SameSite directive implementation in Zend\Http\Header\SetCookie throws exception on lowercase values #206
Description
Hi all,
When upgrading from zend-http 2.10 to 2.11 my REST integration with Exact stopt working. After an investigation it turned out that the newly implemented SameSite directive was the culprit. Its cookie did contain the SameSite element, but its value was in lowercase.
string(117) "Set-Cookie: ExactServer{7d1b186a-964e-4536-b49e-f36d86d47892}=Division=XXXXXX; SameSite=lax; path=/; secure; HttpOnly"
This is the exception message:
"Invalid value provided for SameSite directive: "lax"; expected one of: Strict, Lax or None"
It is however caught in Zend\Http\Header::lazyLoadHeader() and therefore never shown.

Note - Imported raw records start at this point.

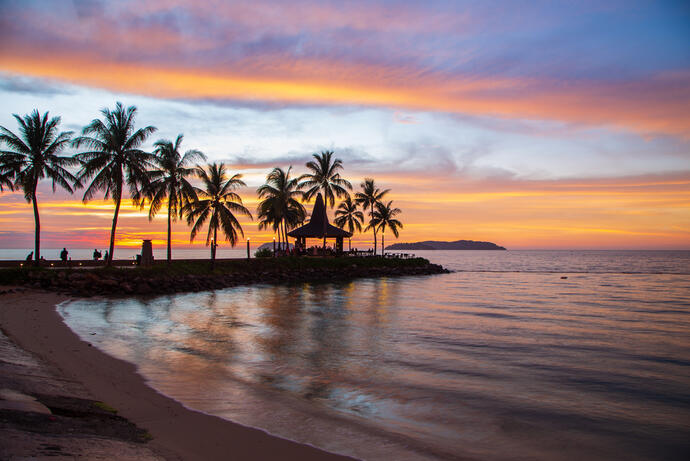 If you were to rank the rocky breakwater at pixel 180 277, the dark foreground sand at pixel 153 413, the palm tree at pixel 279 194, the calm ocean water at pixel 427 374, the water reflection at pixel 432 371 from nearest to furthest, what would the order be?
the dark foreground sand at pixel 153 413
the calm ocean water at pixel 427 374
the water reflection at pixel 432 371
the rocky breakwater at pixel 180 277
the palm tree at pixel 279 194

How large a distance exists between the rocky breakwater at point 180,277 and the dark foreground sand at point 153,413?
46.7 ft

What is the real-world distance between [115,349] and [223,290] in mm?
20575

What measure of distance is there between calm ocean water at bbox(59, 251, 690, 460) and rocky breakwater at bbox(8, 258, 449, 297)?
510cm

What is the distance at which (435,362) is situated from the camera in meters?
11.3

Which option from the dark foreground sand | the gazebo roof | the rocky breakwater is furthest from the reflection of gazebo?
the dark foreground sand

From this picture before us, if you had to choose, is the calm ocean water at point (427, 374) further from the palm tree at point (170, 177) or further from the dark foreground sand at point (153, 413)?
the palm tree at point (170, 177)

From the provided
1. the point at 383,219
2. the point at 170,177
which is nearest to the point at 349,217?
the point at 383,219

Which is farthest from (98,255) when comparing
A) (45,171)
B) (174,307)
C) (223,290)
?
(174,307)

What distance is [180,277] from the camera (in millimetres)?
30750

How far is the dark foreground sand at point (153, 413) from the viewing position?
16.6ft

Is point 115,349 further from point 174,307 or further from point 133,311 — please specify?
point 174,307

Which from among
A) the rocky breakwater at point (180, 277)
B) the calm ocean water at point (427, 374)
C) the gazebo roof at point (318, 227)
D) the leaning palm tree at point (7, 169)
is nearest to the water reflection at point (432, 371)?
the calm ocean water at point (427, 374)

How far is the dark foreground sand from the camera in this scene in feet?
16.6

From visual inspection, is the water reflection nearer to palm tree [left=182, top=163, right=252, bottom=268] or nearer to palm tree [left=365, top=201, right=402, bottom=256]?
palm tree [left=182, top=163, right=252, bottom=268] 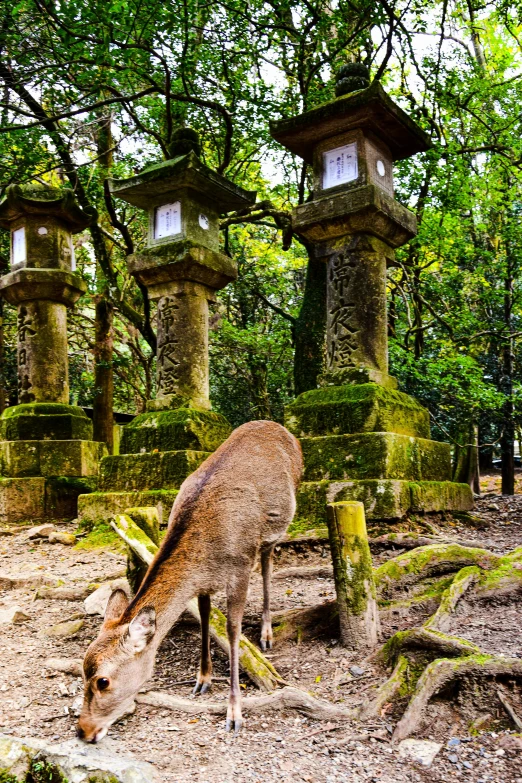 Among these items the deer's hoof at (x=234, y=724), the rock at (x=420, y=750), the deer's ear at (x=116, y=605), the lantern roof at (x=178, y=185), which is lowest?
the rock at (x=420, y=750)

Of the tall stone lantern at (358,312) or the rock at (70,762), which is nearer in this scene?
the rock at (70,762)

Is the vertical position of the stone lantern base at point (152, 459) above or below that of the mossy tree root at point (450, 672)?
above

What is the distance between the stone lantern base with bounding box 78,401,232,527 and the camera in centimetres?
724

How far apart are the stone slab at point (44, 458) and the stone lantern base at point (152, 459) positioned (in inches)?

In Zend\Http\Header\SetCookie::setSameSite(), the in_array method is case sensitive for strings and the defined values all start with capitals (Strict, Lax, None)
I have found several draft specifications all dealing with case insensitive match of the value:
https://tools.ietf.org/html/draft-west-first-party-cookies-07#section-4.1 and https://tools.ietf.org/html/draft-ietf-httpbis-rfc6265bis-02#section-5.3.7
In the current situation I'm forced to remain on zend-http 2.10. My question is if a pull request allowing for case insensitive comparison would get accepted.